I’ve been stood up to go to a couple of festivals, concerts and dinner.  Not dates just hanging out with friends, but really?  I let Dick handle my social life for so long that I feel out of touch.  I never created my own close friendships because Dick was my constant companion.  Now I have to create my own bonds and I’m constantly questioning each interaction or noninteraction as the case may be.  I’m just going to stay positive and keep trying.

Round and round I go…..

15 Mar

My fiancé has to go to pain management sessions to keep receiving pain killers and of course to try to help him with his pain levels.  They have him talk to a councilor and when he relayed the session to me it was sad.  He was asked if the pain was effecting his relationship with me, of course he said yes.  Asked if he had any support, family near by, friends he can depend on.  He said no.  They asked if he thought his being a home maker was womans work and he says yes and adds that he loves his boys and is very happy to be with his kids.  They ask if there are any plans for separation and he tells them no and I say there’s no place for you to go anyway ( I know total bitch move ).
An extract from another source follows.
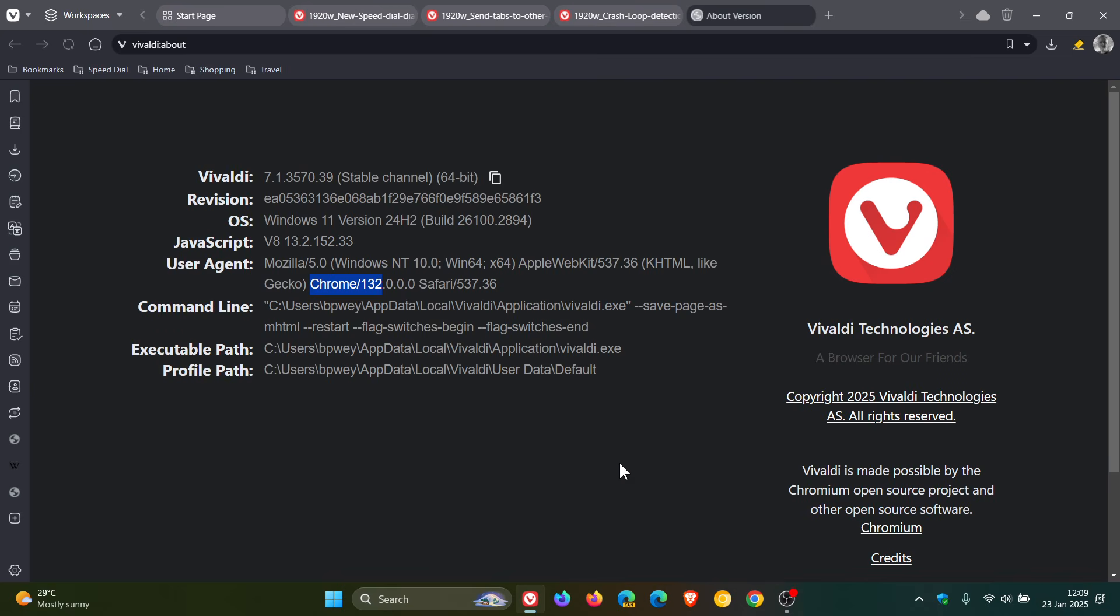And that will also include the three security fixes that rolled out for Chrome yesterday. Just a quick recap, those will include three high-severity flaws that were patched: object corruption in V8 and out-of-bounds memory access in V8. So three security fixes addressing three high-severity flaws with that latest Chromium security patch.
  He’s telling me all this and looking so sad.  He says how I don’t want to touch him, how he knows I don’t like him because I hardly look at him.  All I can do is look down at the bed and nod a little.  I don’t want to fight, I don’t want to put blame on him now.  Right now he is sad, pitiful and lost.  Honestly so am I.

My analytical side says things will never change.  He’ll always slide back to being the overbearing user that he has been all these years.  That we’ll always struggle and be at odds.  My heart had planned that we would be together forever.  My future was to have my family together, no sharing of holidays and weekends, I would grow old with someone I know and who knows me inside and out.  Who remembers me young and full of adventure.  Now that I’ve bonded to myself to him for life with our boys it makes it so much harder.

My cold heartless side says if I break things off and I kick him out he’ll get the disability and he’ll get the settlement he’s been working on from the injury and be up $50k while I’m still struggling.  He has mentioned getting these moneys and taking our family on a vacation and buying reliable cars.  He knows how this is killing me, that I work my ass off and feel guilty spending $20 on myself.  How I’m embarrassed to see my clients in my busted up car. 

Round in circles I go.  I do have an angel helping me take a look at my life to see where things have left me off kilter.  We talk when we can and honestly I think I might be to set in my ways to take her advice but I’m willing to listen and I won’t forget.  I may not do the right thing right away but at least I’ll have the knowledge for when it’s time.  I’m tired of being under the little black rain cloud.